United reports $3.7 million earned in 1Q
Staff report
YOUNGSTOWN
Youngstown-based Home Savings & Loan Co. reported earnings of $3.7 million in the first quarter of 2015, Home Savings’ parent company United Community Financial Corp. announced.
That’s a 76 percent increase from earnings of $2.1 million generated in the same quarter last year.
“Performance for the first quarter was in line with our expectations, and we were very pleased with the continued improvement in pre-tax earnings, topping $5.5 million for the quarter,” Gary M. Small, president and CEO of United Community and Home Savings, said Tuesday.
Home Savings is a wholly-owned subsidiary of the United Community and operates 32 full-service banking offices and nine loan production offices in Ohio and western Pennsylvania.
Small attributed the positive results to a combination of strong loan and deposit growth, improvement of fee income, and a focus on expense management.
“I expect these themes to be sustained going forward as the entire Home Savings team is very focused on delivering a very strong 2015,” Small said.
Loans increased $30.9 million to $1.2 billion at March 31, compared with Dec. 31, 2014. Commercial loans, up 7.8 percent or $19.6 million, drove this improvement. Residential loans increased 1.4 percent or $10.9 million.
Total deposits increased $58.9 million to $1.4 billion at March 31, compared with $1.3 billion at Dec. 31, 2014.
Net interest income was $13.9 million in the first quarter of 2015. That’s up from the $12.6 million recorded in the first quarter of 2014 and $13.4 million recorded in the previous quarter. Net interest margin was 3.24 percent for the first quarter of 2015 compared with 3.07 percent in the first quarter of 2014, and increased from the 3.16 percent net interest margin recorded in the previous quarter.
Home Savings had a negative provision for loan losses of $184,000 in the first quarter of 2015 compared with $33,000 of provision loan expense in the same quarter last year, and $194,000 of provision expense in the previous quarter.
Positive trends and a positive economy have led to the negative loan loss provision.
An increase in the volume of loans sold into the secondary market helped to increase the non-interest income from $3.2 million in the first quarter of 2014 to $4.1 million in the first quarter of 2015.

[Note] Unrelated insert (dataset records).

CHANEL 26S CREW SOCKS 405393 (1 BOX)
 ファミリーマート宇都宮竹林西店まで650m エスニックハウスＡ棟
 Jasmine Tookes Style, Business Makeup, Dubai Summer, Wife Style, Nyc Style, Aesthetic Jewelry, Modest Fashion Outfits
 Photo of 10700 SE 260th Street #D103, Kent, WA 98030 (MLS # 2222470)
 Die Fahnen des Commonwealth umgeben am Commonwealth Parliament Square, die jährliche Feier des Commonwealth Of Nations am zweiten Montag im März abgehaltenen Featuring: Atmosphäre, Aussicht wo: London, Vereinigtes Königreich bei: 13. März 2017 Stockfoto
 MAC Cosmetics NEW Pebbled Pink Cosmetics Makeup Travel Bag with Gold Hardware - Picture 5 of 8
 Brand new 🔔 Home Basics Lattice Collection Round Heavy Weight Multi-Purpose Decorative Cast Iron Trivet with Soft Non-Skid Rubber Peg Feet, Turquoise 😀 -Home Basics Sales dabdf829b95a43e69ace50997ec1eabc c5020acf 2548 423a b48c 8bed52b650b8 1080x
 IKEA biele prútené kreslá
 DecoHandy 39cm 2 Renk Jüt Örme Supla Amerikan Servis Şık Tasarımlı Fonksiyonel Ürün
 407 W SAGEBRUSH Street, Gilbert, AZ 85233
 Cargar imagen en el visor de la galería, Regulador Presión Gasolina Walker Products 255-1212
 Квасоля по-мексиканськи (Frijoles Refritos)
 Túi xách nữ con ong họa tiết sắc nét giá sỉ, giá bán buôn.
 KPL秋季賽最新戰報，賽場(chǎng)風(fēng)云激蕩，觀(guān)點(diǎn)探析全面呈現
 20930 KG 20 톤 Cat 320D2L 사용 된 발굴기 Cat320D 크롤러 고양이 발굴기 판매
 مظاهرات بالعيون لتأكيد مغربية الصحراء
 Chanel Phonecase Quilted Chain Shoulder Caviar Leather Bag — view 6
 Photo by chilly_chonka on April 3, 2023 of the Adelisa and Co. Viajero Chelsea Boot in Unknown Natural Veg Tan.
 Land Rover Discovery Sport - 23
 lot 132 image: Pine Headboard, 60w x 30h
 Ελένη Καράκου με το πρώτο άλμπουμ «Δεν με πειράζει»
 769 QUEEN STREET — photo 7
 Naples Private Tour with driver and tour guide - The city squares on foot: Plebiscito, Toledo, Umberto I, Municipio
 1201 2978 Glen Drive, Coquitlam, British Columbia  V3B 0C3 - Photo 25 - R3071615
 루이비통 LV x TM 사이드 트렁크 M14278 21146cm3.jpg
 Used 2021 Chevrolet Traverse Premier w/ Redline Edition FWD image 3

Total non-interest expense was $12.7 million in the first quarter of 2015, an increase of $755,000 over the fourth quarter of 2014 when adjusted for a $2 million prepayment penalty that occurred at that time.
Total non-interest expense decreased $862,000 from the first quarter of 2014.
For the first quarter of 2015, the allowance for loan loss as a percentage of total loans was 1.45 percent at March 31 compared with 1.52 percent at Dec. 31, 2014, and 1.90 percent at March 31, 2014.
Measures of asset quality continue to improve, while delinquencies continue to decline.